To have my mom pass away and then to go home and not have a family experience for a full year later is something else that I can’t explain. I did surprisingly well with that.
It was after the family event of my moms celebration of life that triggered me emotionally. It was the first time at a family event that neither my dad or mom was there with me and my brother. Combine that with the fact I went a full year after my moms passing without any family; it causes me to start crying again.
Every family event for the rest of my life will be without my parents with me. The next time I visit ST. Louis, where my parents are originally from, will be without them. It’s disorienting and painful to be at family events without my mom or dad.
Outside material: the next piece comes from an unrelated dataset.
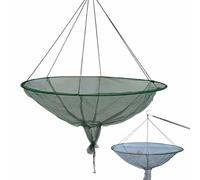 Foldable Round Pier Fishing Net With Sturdy Mesh, Double Lines Construction, Open Pull-Out Trap For Fish Shrimp Crabs Catching, Easy Bucket Transfer, Durable Outdoor Fishing Gear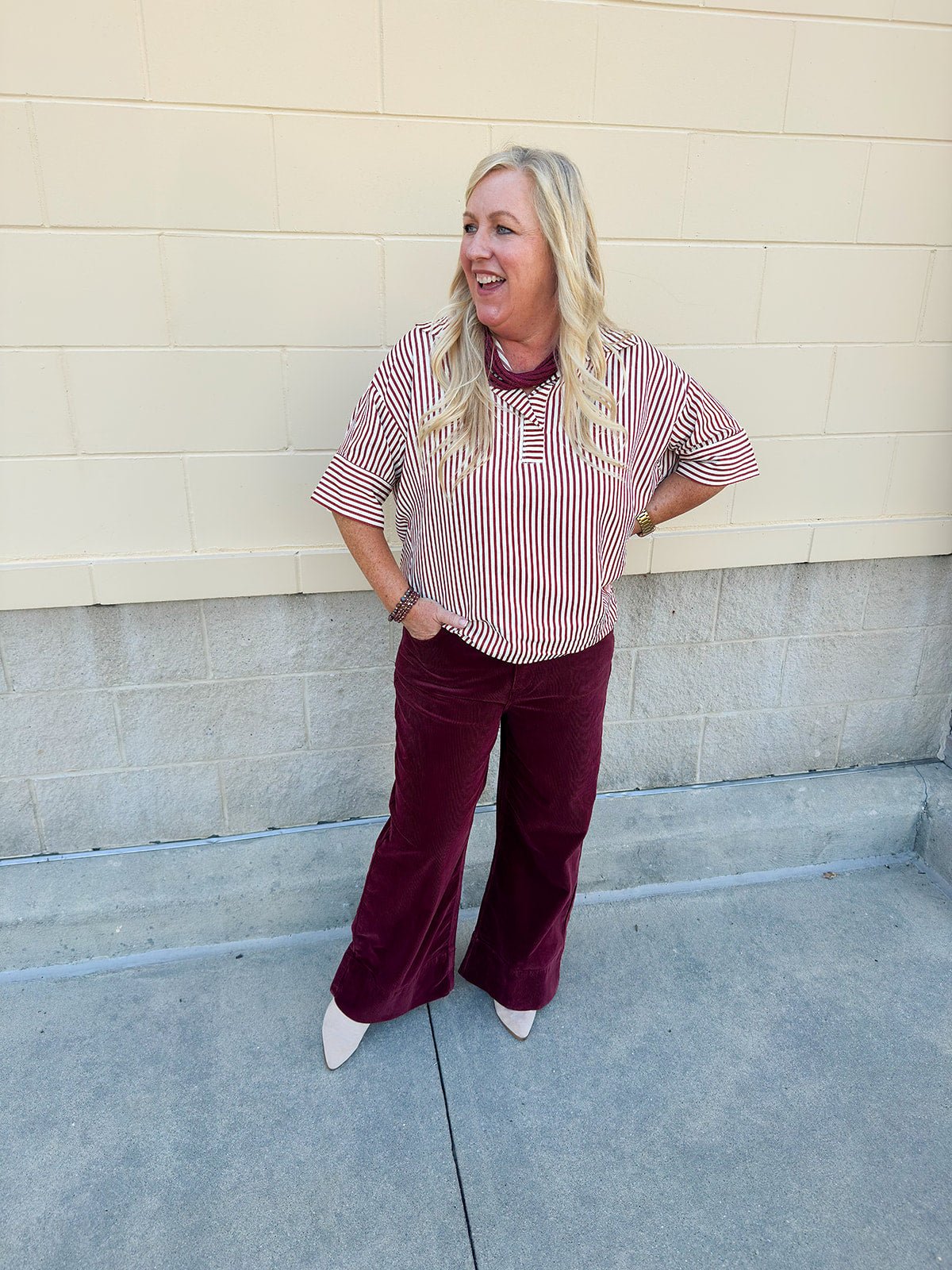 Crimson Current Corduroy Jeans - The Pink Pineapple 850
Sadly I didn’t get the closure I wanted from my moms celebration of life memorial. It was far too short after being so alone for such a long period of time right after my moms passing.
I cry. I talk to my parents a lot especially over this past weekend and into the week so far.
I guess this is just something I have to process and work through now. Just like when my dad passed away almost 4 years ago and when my mom passed away a year ago I have to process this new string of emotions that has me wrought with sadness.
Man it hurts.
My moms passing isn’t going to consume my life and stop me from living, but, it hurts knowing I’ll never see her again.